The troubadour movement flourished in Europe during the Thirteenth and Fourteenth Centuries, but the Black Plague put a real damper on things. Ever since then, itinerant musicians and Death have been constant companions. Just ask Robert Johnson about that. An aging Japanese musician traveling across the southern coast of Korea has a fateful appointment to keep, but he will do his best to finally level his karma along the way in Forest Ian Etsler & Sébastien Simon’s The Troubled Troubadour, which screens as part of Narrative Shorts Block 3 at the 2018 Slamdance Film Festival in Park City.
Somehow, the landscape the musician and his silent but still surly manservant travel is recognizably modern-day Korea, yet still exists outside of time. Essentially, it is a reflection of the Troubadour himself. Indeed, the pack of forest-dwelling children they encounter would not look out of place in A Midsummer’s Night Dream. Mistaking him for the Mountain God, they bring him to cure their ailing Princess. Fortunately, he has the power of music. However, he will have to travel deeper into his subconscious before he is ready to make his final journey.

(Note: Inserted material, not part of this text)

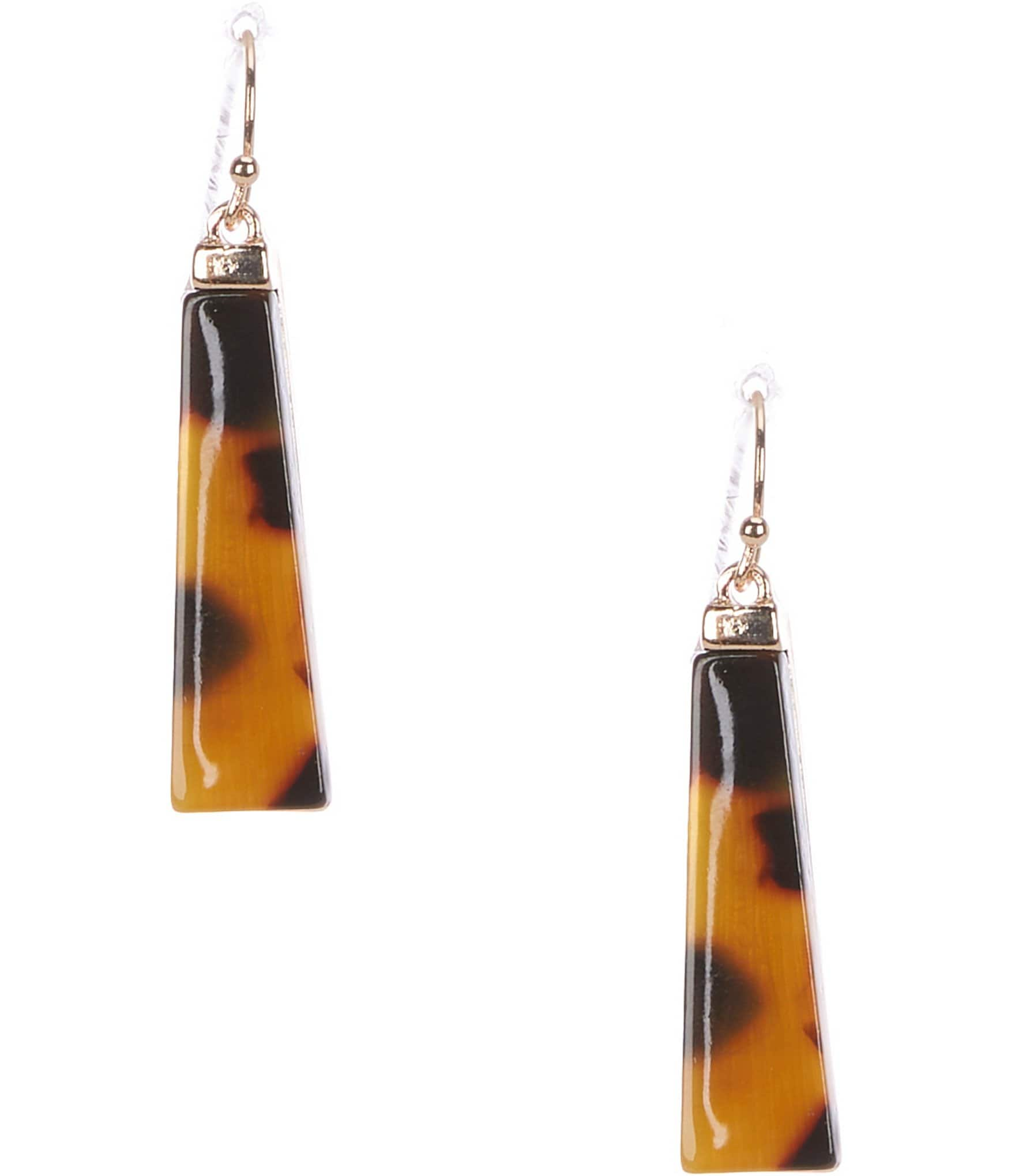 Dillard's Faux Tortoise Tapered Stick Drop Earrings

Troubadour sounds ridiculously New Age, but it is actually weirdly grounded, especially due to the passive aggressive tension shared by the Musician and his “boatman” servant. The young kids also manage to be both mysterious and cute, but never cloying. Etsler and Simon have a keen eye for visuals and they hopscotch back and forth between the modern world and the inner dreamscape quite effectively. Plus, cinematographer makes it all look highly cinematic and big screen worthy.